The Wizard of Oz: The Official 50th Anniversary
Pictorial History, by John Fricke, Jay Scarfone, and William Stillman.
Introduction by Jack Haley, Jr.
“A commemorative volume offers the definitive pictorial
history of one of the most popular movies of all time.” - Amazon. A big book, full
of photos, art, toys, masks, commemorative items, in fact anything connected to
the 1939 MGM movie. The history of the book, the making of the movie, its
afterlife at matinees and on TV, and its cultural impact.
Ranking: Keeper.
File Code: Pictorial History. Film. Hardback.

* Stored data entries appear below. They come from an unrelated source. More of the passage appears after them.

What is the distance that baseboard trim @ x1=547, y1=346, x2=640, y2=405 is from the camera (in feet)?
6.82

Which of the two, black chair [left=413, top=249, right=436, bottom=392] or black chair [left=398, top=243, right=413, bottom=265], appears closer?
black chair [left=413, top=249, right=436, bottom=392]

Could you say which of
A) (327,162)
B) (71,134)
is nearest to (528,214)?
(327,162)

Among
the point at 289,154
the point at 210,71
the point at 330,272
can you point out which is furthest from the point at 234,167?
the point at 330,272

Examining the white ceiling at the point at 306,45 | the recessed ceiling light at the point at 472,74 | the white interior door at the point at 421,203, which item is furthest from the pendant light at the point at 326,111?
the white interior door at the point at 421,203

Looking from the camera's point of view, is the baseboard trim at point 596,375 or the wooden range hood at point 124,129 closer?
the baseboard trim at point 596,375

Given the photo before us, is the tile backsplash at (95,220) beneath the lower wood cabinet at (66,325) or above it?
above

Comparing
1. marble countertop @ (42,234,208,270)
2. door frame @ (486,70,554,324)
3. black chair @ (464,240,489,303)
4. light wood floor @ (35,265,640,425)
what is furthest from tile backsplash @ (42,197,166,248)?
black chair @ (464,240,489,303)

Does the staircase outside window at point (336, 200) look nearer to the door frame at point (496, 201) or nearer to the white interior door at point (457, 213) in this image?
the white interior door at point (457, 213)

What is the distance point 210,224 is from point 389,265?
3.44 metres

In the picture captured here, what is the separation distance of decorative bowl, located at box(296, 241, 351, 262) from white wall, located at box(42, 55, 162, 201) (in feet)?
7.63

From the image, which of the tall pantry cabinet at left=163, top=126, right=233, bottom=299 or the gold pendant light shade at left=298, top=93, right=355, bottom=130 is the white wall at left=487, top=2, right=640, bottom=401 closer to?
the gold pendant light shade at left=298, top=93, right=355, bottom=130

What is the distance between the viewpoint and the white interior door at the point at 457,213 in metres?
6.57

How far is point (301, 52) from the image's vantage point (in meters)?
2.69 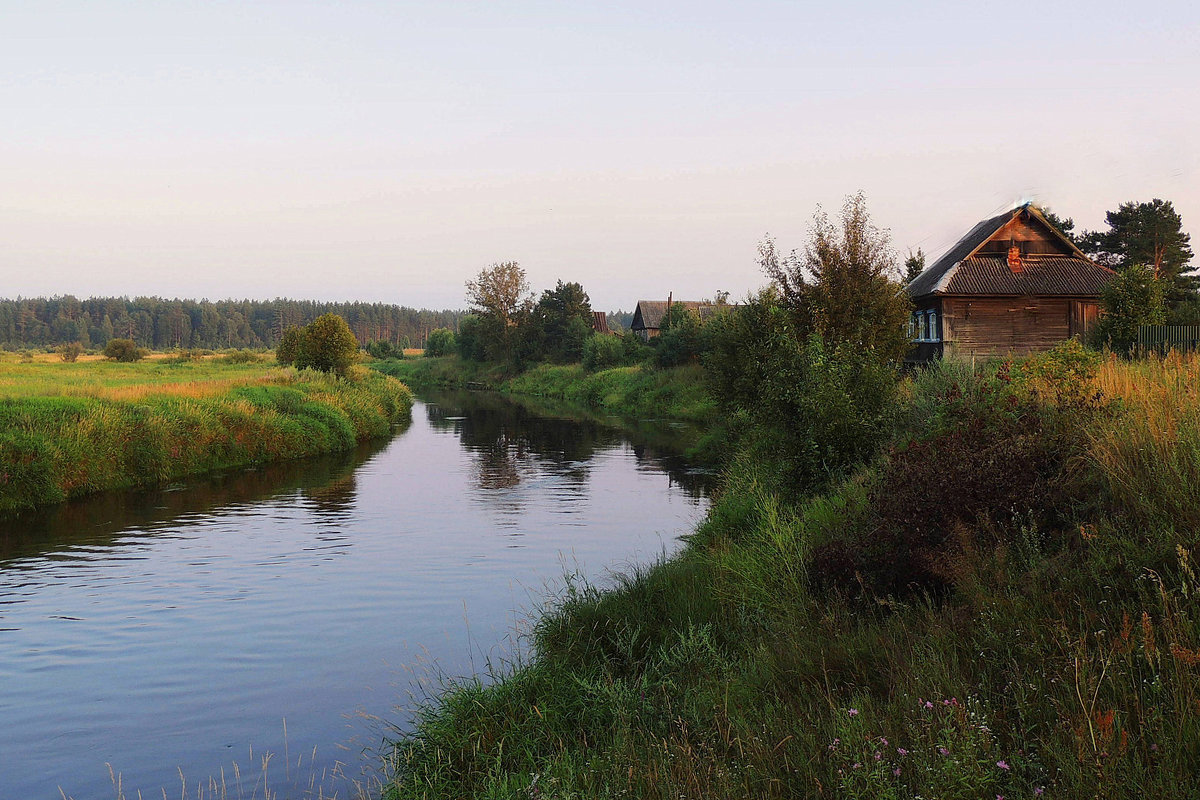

Advanced D&D Monster Manuel (4th Edition), by
Gary Gygax.
“An Illustrated Compendium of Monsters: Aerial Servant to
Zombie.” Originally John’s and possibly still rightly so. I have it for the
bestiary of it all. Despite the best efforts of friends and family to get me (a
fantasy nut) to play D&D, I’ve never really gotten into it.
Ranking: Keeper.
File Code: Bestiary. Gaming. Hardback.
Ghost Story, by Peter Straub.
The scariest novel I have ever read. I remember the first
time I read it I was sleeping in the Green Room at Nanny’s, with its floating
curtains and wall-size windows into the atrium and the night. I tried following
Straub for a few years, but he never equaled this homage to the horror of Henry
James and “The Turn of the Screw” and the New England tradition. “Ghost Story is
a horror novel by American writer Peter Straub. It was published on January 1, 1979
by Coward, McCann and Geoghegan. The book was adapted into a film
by the same name in
1981, minus the novel's fifth protagonist character, Lewis Benedikt. The novel
was a watershed in Straub's career. Though his earlier books had achieved a
limited amount of critical and commercial success, Ghost Story became
a national bestseller and cemented the author's reputation.” – Wikipedia.
Ranking: Essential.
File Code: Horror. Novel. Hardback.
The Dracula Book of Great Vampire Stories, Edited with an
Introduction by Leslie Shepard.
An anthology of many great early vampire tales, by Stoker, Le
Fanu, Maupassant, Crawford, Benson, Blackwood, and others. We used to have a
paperback of this that John and I contended over with for a while, but when I
got this Hardback I conceded the other.
Ranking: Essential.
File Code: Anthology. Vampires. Hardback.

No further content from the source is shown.